Department of Anthropology
Main Quad - Building 50
Room 51A (Colloquium Room)
Growing anxieties about Indigenous and Black territorial claims and the threat they pose to the Honduran state’s extractivist designs, rooted in the inalienable rights of the majoritarian mestizo population, have fueled widespread conflicts over land and resources. I draw on ethnographic research conducted in a coastal community to examine why some Garifuna, a people of African and Indigenous descent, embrace the opportunities offered through state-backed development projects while others reject these projects altogether. In the eyes of the “pro-development” faction, the community’s exquisite beachfront is perceived as a vehicle to achieve the progress promised by international financial institutions and state agencies promoting Honduras as the next Caribbean hotspot. However, for the defensores de la tierra (land defenders), the privatization of communal lands is propelling a “loss of culture.” I argue that Garifuna resistance, including land recovery efforts, is articulated through the practice of what I call “Black autonomy”: an ethico-political proposal that refuses dominant narratives of progress and that instead asserts a notion of autonomy as collectivistic action and social good.

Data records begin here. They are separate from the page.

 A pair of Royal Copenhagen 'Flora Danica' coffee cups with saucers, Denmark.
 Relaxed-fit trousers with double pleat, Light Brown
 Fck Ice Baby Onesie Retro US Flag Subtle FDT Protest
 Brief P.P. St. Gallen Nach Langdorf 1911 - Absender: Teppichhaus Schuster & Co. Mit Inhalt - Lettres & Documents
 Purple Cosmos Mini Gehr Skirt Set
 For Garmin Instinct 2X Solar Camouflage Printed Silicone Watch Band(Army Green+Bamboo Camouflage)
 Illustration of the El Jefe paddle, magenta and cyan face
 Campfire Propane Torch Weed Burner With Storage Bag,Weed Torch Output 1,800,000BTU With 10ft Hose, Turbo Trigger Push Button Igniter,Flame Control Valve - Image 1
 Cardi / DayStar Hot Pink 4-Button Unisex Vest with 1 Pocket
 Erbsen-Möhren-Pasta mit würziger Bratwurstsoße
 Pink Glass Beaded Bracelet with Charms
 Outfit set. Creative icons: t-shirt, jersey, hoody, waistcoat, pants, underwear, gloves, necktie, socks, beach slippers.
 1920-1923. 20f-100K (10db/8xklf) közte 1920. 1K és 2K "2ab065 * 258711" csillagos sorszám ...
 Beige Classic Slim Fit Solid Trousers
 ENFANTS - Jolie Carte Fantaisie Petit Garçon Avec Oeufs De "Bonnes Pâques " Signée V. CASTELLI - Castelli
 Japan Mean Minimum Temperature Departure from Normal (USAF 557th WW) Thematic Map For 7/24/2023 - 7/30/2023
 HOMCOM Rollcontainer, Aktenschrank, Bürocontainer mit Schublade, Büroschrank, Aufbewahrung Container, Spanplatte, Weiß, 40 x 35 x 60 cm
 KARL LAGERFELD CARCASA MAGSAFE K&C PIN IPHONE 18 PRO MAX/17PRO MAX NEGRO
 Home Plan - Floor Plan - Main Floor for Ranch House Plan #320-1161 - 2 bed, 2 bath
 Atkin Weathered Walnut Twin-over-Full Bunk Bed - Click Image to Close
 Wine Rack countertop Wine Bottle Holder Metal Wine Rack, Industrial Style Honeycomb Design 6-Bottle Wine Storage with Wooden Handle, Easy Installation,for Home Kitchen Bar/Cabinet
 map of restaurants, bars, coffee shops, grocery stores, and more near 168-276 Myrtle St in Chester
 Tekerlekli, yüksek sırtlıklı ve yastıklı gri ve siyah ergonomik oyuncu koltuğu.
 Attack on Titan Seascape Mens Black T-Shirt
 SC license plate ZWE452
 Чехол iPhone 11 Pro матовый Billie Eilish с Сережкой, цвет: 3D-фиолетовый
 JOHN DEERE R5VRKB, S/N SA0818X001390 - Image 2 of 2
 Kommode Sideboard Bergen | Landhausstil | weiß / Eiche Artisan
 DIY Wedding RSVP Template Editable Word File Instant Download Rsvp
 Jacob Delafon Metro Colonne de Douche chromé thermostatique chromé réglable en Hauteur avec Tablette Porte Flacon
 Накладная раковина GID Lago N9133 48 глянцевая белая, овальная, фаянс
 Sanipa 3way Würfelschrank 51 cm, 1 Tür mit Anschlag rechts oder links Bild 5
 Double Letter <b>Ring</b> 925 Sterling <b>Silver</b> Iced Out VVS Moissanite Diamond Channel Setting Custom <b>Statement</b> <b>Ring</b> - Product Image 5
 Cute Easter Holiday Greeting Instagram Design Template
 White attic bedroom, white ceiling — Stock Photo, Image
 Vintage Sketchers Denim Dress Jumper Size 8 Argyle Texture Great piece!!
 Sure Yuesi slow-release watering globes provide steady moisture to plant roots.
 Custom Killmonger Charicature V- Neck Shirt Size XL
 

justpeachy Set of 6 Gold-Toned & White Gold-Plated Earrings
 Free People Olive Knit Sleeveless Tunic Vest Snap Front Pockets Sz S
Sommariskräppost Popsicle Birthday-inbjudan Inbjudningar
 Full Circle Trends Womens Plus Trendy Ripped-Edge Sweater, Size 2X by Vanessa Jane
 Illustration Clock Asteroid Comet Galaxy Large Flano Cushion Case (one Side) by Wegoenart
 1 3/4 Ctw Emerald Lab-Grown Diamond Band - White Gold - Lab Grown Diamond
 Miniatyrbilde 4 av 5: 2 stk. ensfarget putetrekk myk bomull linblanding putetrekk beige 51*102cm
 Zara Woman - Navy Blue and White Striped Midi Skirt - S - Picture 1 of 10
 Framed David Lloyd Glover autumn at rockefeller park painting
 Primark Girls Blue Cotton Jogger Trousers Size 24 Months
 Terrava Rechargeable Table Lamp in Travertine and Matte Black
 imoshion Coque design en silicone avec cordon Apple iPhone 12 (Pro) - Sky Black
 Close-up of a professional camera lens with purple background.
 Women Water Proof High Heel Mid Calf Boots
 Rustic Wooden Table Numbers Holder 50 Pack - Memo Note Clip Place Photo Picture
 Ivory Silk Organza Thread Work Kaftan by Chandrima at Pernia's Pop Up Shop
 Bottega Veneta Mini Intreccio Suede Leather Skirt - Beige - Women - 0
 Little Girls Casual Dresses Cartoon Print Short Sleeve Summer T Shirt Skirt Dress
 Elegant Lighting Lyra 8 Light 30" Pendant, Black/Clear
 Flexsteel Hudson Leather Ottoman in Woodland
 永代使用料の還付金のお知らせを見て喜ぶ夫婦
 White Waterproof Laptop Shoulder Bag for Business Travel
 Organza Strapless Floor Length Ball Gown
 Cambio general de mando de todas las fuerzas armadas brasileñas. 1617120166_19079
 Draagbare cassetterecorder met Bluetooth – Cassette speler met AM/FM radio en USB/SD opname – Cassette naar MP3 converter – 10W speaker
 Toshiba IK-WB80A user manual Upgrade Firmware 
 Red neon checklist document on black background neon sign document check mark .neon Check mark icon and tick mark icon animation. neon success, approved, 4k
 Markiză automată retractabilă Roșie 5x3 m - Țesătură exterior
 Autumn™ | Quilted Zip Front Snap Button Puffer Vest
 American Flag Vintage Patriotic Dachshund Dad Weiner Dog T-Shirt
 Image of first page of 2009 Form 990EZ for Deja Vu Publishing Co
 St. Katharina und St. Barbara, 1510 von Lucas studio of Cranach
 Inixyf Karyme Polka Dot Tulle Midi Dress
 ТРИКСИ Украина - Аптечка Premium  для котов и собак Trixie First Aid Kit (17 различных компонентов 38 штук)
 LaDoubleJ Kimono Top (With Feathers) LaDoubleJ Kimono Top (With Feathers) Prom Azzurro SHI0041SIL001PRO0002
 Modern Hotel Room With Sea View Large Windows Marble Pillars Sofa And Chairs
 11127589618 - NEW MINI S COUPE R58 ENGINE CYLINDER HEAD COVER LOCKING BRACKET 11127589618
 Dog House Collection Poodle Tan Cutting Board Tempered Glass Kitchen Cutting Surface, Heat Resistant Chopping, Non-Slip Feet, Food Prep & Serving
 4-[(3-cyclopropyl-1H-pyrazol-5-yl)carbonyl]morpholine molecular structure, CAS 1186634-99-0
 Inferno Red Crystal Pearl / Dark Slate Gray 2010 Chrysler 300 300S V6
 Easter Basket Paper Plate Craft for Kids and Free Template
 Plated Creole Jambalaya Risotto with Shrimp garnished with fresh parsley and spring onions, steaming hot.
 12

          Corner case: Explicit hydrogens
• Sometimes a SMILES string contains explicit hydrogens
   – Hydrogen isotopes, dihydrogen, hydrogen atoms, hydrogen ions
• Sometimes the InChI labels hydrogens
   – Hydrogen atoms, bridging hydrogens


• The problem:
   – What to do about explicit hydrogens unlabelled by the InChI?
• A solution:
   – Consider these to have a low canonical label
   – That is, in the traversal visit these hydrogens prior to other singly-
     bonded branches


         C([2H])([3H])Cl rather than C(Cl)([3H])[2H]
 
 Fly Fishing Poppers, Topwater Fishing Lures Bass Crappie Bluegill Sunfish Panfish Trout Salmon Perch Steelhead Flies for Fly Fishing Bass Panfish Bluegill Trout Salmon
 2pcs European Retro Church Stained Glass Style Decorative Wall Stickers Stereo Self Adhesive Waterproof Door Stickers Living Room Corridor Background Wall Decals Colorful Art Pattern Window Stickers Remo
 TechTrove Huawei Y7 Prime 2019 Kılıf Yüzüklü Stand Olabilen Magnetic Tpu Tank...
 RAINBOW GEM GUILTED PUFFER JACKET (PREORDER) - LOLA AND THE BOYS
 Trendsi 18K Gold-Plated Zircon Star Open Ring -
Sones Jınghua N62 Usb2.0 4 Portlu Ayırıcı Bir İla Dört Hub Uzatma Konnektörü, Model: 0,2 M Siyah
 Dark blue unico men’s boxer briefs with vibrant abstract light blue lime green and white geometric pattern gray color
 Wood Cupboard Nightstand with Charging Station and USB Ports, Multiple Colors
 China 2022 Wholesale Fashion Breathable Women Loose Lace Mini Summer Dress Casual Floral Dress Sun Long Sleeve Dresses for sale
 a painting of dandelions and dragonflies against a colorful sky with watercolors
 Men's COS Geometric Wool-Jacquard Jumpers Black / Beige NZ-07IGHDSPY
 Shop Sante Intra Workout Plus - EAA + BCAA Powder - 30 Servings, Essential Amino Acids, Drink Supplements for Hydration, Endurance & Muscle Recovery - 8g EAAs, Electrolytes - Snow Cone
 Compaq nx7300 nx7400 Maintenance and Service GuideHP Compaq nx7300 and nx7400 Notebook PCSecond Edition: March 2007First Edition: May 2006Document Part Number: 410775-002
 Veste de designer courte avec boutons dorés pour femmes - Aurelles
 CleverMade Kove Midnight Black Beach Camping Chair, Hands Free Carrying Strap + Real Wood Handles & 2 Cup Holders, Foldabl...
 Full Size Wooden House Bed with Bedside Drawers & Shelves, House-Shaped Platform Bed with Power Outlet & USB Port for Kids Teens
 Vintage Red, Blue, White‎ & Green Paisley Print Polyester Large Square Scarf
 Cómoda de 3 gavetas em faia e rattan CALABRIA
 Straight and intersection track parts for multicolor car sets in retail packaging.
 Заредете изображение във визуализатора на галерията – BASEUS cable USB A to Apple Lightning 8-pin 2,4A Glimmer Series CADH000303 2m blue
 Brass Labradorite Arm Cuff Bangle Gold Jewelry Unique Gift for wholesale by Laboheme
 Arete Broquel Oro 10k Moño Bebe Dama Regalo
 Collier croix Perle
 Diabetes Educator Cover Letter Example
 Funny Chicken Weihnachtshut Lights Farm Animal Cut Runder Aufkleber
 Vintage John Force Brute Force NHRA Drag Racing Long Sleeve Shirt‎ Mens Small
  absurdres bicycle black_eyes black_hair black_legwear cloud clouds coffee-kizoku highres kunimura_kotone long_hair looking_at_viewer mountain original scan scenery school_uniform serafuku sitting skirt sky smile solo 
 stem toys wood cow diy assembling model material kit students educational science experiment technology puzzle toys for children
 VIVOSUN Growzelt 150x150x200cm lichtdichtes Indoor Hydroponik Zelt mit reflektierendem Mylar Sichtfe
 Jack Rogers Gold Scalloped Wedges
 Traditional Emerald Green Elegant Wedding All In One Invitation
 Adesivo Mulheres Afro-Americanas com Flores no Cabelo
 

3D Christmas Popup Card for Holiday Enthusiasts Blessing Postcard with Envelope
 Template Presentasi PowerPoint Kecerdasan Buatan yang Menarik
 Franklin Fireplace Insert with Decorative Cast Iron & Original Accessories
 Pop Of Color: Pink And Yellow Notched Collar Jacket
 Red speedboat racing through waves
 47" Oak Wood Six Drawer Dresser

Christopher Loperena's research examines indigenous and black struggles for territorial autonomy in Central America, land, race, ethicality and subject formation, and the socio-spatial politics of development. In addition to his current book project, A Fragmented Paradise: Blackness and the Limits of Progress in Honduras, he is co-editing a themed issue on the role of cultural evidence in the adjudication of black and indigenous rights.